Now known as one of his signature songs, Rock performs “Picture” every chance he gets. But since Crow isn’t always there to sing with him, he will sometimes invite other female artists to participate in the duet.
Rock seems to perfectly adapt to whoever he sings “Picture” with, and there’s a good reason for that. It’s a reason rooted in a bit of drama that occurred behind the scenes before the song ever reached radio. And that drama nearly kept the song from ever being released in the first place…
As mentioned earlier, Rock recorded “Picture” with Crow as his duet partner. However, things were a bit complicated because Rock and Crow were signed under separate labels.
Despite efforts made by Rock’s label, Atlantic Records, they couldn’t get permission from Crow’s label, A&M Records, to release the song as a single.

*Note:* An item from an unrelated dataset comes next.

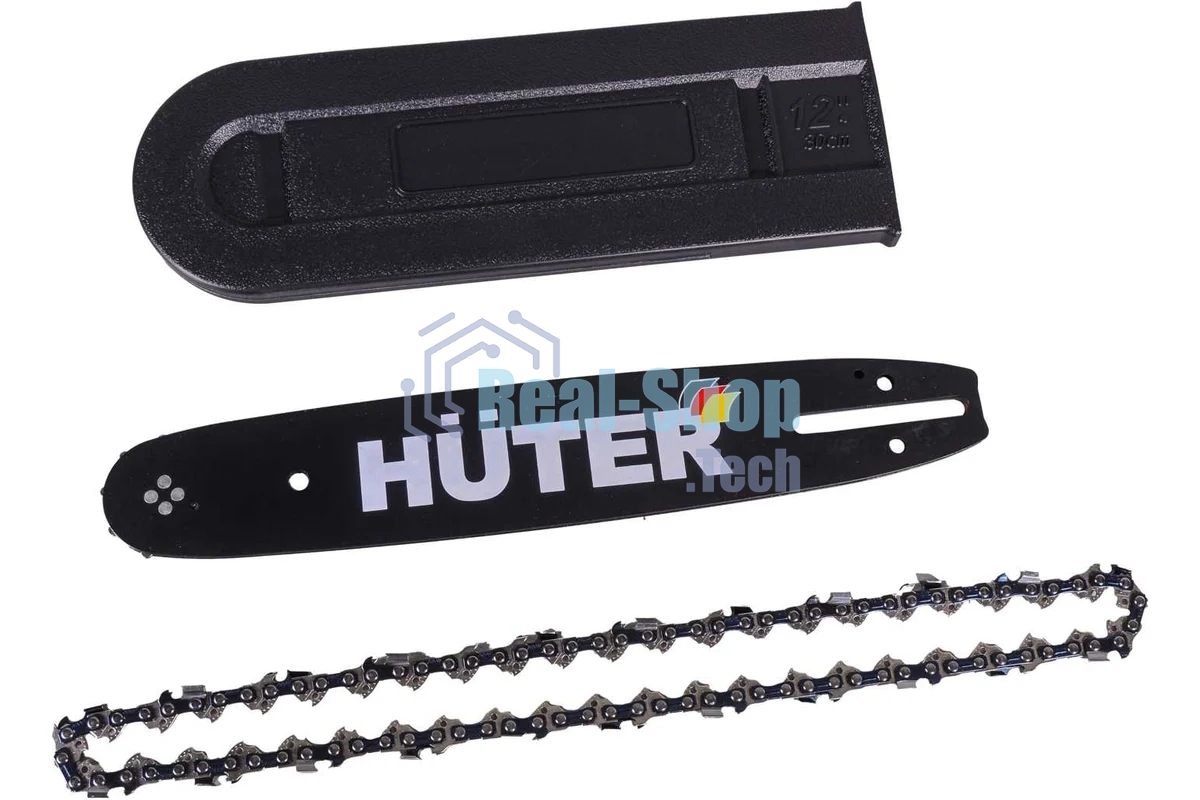 Бензопила Huter BS-25 70/6/5 800 Вт, 25 см3, бак 0,31 л, антивиб. система, шина 300см/12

That left Rock with a song he wanted to make a single, but no approved duet partner to sing it with. Rather than ditch the song entirely, Rock and his team tracked down a new duet partner, alternative country singer Allison Moorer.
Even though Moorer was signed to A&M’s sister label Universal South Records, her label had no issues with “Picture” being released as a single with her vocals attached. So contrary to what you’ve likely always believed, it was Rock and Moorer’s rendition of the song that was officially released on a commercial scale, not Rock and Crow’s.

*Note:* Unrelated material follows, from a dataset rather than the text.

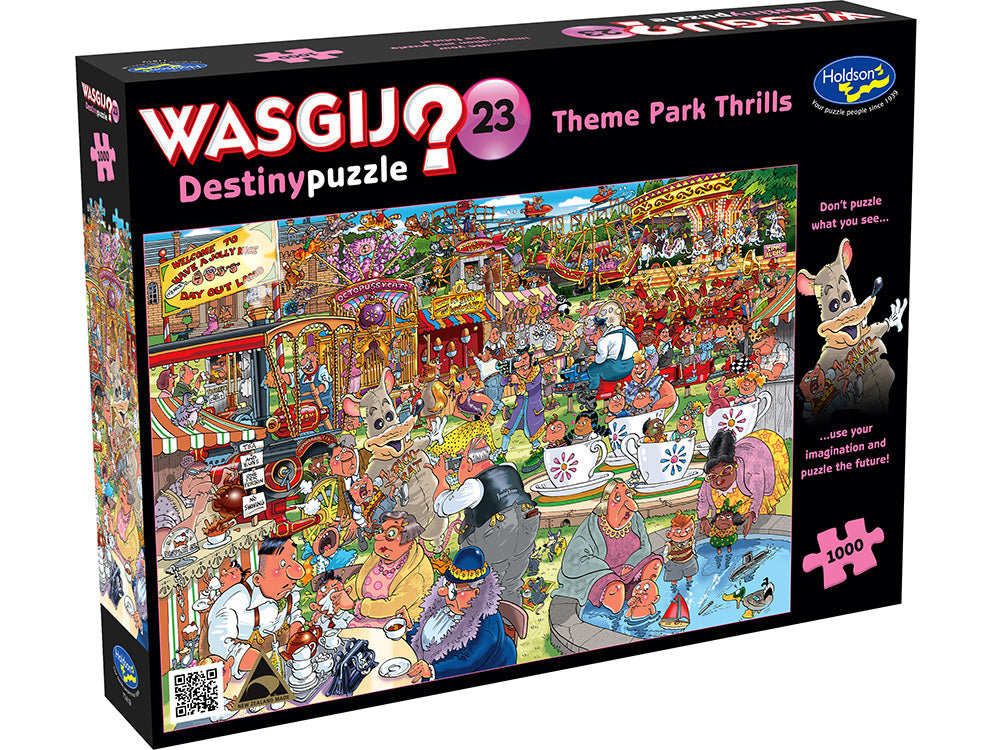 #23 Theme Park Thrills - 1000 Piece Jigsaw Puzzle - Wasgij Destiny - Holdson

Now we know what you’re thinking…but why is it that you always heard Crow on “Picture” instead of Moorer? An interesting twist in the behind-the-scenes drama explains the reason why.

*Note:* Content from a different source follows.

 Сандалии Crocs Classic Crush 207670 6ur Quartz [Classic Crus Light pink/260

Despite the fact that Rock’s label only had permission to distribute the Moorer version of the song, radio stations somehow got their hands on the original rendition that featured Crow. While those stations, mostly mainstream and rock/alternative, played Crow’s recording, more country stations played the version that featured Moorer.
Both renditions caught on, with the Rock/Crow version being the most popular of the two. Because of this, it was Crow who was featured in the song’s official music video, not Moorer.
Because two featured artists were connected to the track, it was credited in a unique way on the Billboard charts. Both Crow and Moorer were named in the credits no matter where the song appeared, with the charts listing it as being by Rock featuring Crow or Moorer.
The hidden drama that occurred prior to the release of “Picture” threatened to end its run as a single before it ever was one. Rock and his team found a replacement in Moorer, but never could have anticipated that radio would still play the unauthorized version of the song that featured Crow.
So instead of never being released at all, “Picture” was released not once, but twice, featuring two different artists. It’s one of the most unique stories about a country song’s release that we’ve ever heard, and we’re sure the same is true for you too.
Did y’all ever hear about the huge mess that occurred before “Picture” debuted? Or better yet, did you even know there were two versions? If you didn’t, you can now understand why!